Tutte esperienze che, dall’iniziale tirocinio (periodo di stage formativo senza in genere limiti di età), hanno concrete possibilità di diventare forme di apprendistato contrattualizzato. (Un vero rapporto di lavoro che prevede un periodo di formazione rivolto a giovani tra i 18 e i 29 anni).
Tra i giovani rifugiati, in cui prevale il sogno di diventare calciatore (anche qui c è una squadra che partecipa al torneo Balon Mundial), l’attività lavorativa più ambita è quella di chef , seguita da quelle d’imbianchino, pizzaiolo, idraulico , elettricista, piastrellista, manovale, giardiniere e operaio.

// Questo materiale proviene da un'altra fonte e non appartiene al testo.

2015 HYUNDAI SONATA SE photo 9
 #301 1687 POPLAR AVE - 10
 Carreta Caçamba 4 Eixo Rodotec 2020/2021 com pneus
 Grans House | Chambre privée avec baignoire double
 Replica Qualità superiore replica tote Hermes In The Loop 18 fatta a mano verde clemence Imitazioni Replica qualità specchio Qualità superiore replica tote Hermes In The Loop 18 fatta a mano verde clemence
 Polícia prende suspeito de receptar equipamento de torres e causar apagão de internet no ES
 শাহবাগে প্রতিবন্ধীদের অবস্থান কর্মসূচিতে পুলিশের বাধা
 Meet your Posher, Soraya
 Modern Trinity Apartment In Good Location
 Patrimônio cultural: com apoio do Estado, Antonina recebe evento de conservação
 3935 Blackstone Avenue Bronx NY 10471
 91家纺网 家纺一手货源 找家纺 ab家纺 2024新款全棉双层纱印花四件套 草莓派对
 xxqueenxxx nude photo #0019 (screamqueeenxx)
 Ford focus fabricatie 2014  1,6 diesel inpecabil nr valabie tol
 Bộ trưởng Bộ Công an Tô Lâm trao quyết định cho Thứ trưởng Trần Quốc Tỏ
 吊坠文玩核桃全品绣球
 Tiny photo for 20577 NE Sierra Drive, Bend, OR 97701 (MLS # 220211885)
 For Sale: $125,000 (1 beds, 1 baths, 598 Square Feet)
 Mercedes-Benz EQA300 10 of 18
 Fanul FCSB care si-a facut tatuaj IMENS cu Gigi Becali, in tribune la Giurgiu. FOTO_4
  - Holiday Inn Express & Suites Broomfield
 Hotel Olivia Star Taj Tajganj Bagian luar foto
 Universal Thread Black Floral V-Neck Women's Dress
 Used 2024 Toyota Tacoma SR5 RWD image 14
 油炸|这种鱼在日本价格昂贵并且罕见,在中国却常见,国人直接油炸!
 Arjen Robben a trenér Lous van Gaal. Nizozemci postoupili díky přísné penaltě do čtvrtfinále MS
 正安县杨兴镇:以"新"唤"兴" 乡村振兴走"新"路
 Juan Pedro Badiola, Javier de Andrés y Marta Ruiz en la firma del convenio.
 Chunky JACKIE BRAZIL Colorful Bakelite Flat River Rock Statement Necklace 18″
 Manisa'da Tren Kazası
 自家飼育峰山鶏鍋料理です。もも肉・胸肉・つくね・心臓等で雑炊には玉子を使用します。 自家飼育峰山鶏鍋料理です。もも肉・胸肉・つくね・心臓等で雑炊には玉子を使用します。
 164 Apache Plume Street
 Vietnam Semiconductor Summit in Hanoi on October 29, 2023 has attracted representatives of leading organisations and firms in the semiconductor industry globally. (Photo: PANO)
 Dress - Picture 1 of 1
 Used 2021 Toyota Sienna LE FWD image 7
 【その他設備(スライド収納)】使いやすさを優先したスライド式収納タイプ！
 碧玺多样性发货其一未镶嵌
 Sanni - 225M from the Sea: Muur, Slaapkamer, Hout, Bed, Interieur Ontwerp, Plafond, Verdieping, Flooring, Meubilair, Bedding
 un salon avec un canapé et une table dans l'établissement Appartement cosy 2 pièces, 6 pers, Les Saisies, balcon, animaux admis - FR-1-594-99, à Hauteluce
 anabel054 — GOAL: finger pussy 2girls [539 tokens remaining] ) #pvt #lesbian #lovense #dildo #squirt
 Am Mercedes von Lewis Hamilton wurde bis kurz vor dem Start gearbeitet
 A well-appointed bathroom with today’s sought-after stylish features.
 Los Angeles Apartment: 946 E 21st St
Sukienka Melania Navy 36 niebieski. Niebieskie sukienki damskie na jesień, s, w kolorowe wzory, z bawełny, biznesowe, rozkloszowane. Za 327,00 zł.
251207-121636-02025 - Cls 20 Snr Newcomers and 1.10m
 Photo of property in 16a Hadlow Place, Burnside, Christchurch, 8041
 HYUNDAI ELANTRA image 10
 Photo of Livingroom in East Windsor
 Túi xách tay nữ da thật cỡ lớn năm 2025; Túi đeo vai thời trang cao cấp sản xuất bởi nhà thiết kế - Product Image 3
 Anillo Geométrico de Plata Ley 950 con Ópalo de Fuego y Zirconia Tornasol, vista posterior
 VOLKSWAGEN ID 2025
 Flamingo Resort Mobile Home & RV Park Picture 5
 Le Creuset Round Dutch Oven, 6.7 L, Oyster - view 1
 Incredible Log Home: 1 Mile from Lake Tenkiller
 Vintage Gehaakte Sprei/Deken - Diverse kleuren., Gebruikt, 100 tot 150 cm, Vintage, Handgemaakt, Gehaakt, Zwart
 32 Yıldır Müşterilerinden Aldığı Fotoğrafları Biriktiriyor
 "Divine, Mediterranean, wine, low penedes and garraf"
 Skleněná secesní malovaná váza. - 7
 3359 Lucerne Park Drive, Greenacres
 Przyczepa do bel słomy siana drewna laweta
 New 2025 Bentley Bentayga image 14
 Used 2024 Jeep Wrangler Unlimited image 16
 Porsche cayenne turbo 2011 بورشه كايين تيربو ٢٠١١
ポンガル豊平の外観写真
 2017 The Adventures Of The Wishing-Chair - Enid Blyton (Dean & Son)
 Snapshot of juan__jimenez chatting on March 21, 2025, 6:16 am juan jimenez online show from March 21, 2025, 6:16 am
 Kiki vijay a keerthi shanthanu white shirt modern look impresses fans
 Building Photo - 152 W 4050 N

“I buoni risultati sono frutto di un approccio che tiene conto in modo quanto mai pragmatico delle esigenze delle aziende che chiedono al primo posto affidabilità e conoscenza della lingua italiana” precisa Vitaloni, che aggiunge:
“Come associazione, insieme agli imprenditori coinvolti, seguiamo i ragazzi nelle prime fasi di lavoro per aiutare il loro buon inserimento fino alla loro assunzione e non a caso, oltre alla lingua, è importante l’insegnamento di principi di educazione civica in quanto si tratta di persone che arrivano da situazioni di povertà educativa e occorre prendere atto delle loro difficoltà a diventare persone adulte in questa realtà”.
La responsabile di Geos Onlus ha denunciato come il clima sociale italiano prevalso in questi anni abbia negativamente influenzato quelle figure professionali fondamentali per questi percorsi di accoglienza e orientamento lavorativo: “Far convivere dieci nazionalità diverse è già un risultato, per questo lavoriamo in sinergia con il Comune e le istituzioni per creare una rete, ma purtroppo mancano figure chiavecome insegnanti, educatori, psicologi, mediatori culturali, operatori sanitari che si impegnino in queste realtà solidali verso i migranti. Un lavoro gratificante, cui purtroppo in Italia non viene dato il giusto valore. Ruoli che, in paesi come la Francia, guadagnano anche tre volte quanto qui viene riconosciuto spesso con difficoltà”.
“Questi ragazzi saranno degli ottimi cittadini di domani se gli educatori faranno bene il loro lavoro. Ma occorre valorizzarli, visto il lavoro ad alta intensità che svolgono” ha concluso Vittoria Vitaloni, orgogliosa di essere riuscita ad applicare sistemi di efficienza manageriale in un contesto di solidarietà che deve avere concretezza e pragmatismo per funzionare.